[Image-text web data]
- Opening Delimiter -
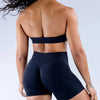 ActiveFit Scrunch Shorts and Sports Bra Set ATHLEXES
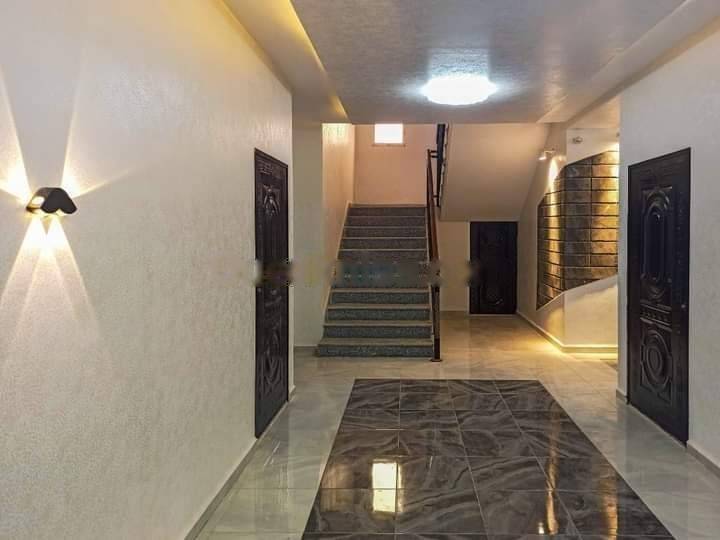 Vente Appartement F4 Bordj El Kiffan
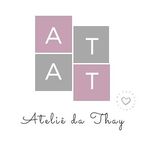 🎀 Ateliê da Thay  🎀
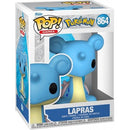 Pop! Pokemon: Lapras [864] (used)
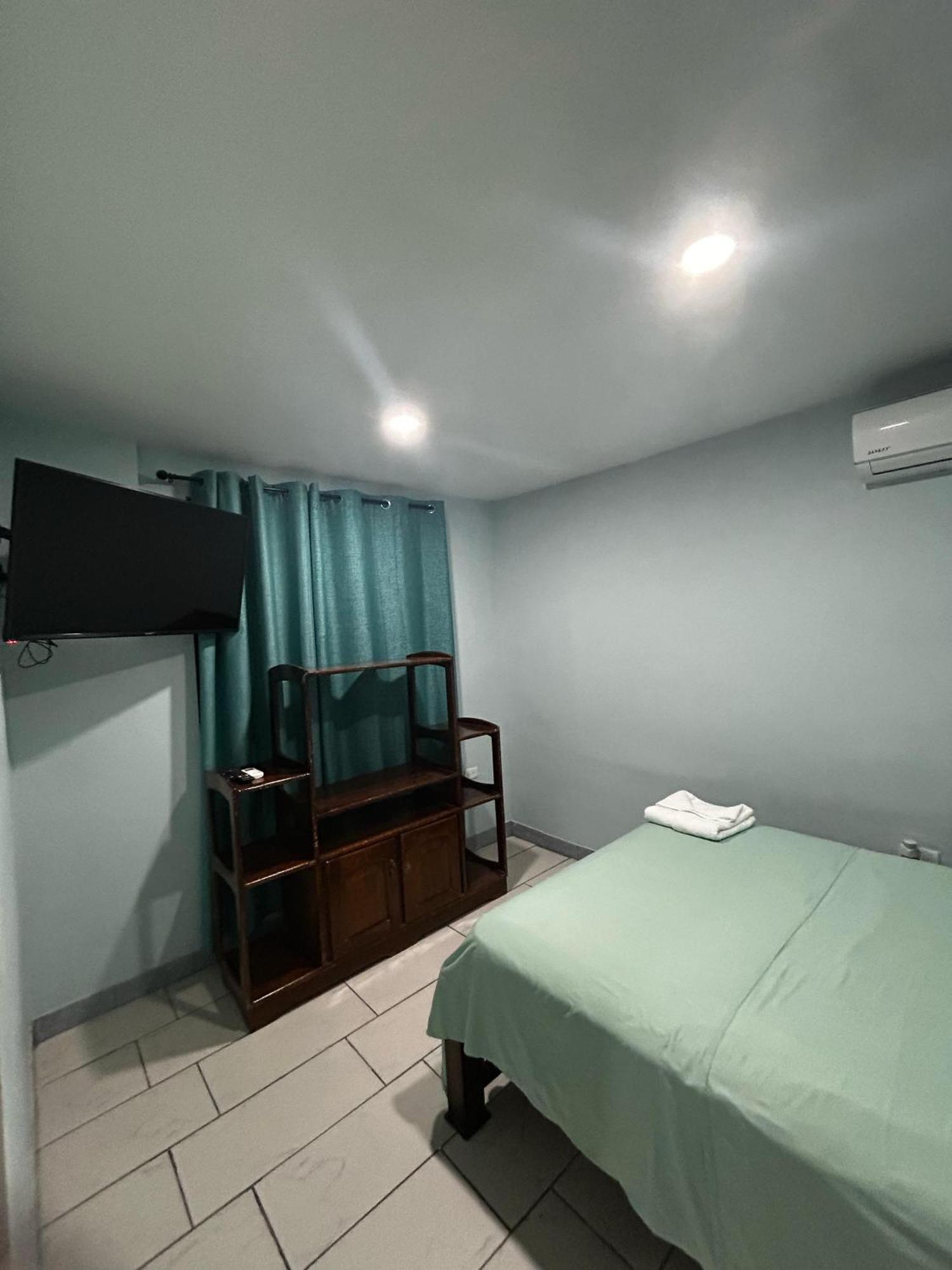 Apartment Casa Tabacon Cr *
- Closing Delimiter -
Work task: Your copy should hold exactly the lines from the one that contains "Pop! Pokemon: Lapras [864] (used)" through the final line of the data, both ends included, and no pictures.

Response:
 Pop! Pokemon: Lapras [864] (used)
 Apartment Casa Tabacon Cr *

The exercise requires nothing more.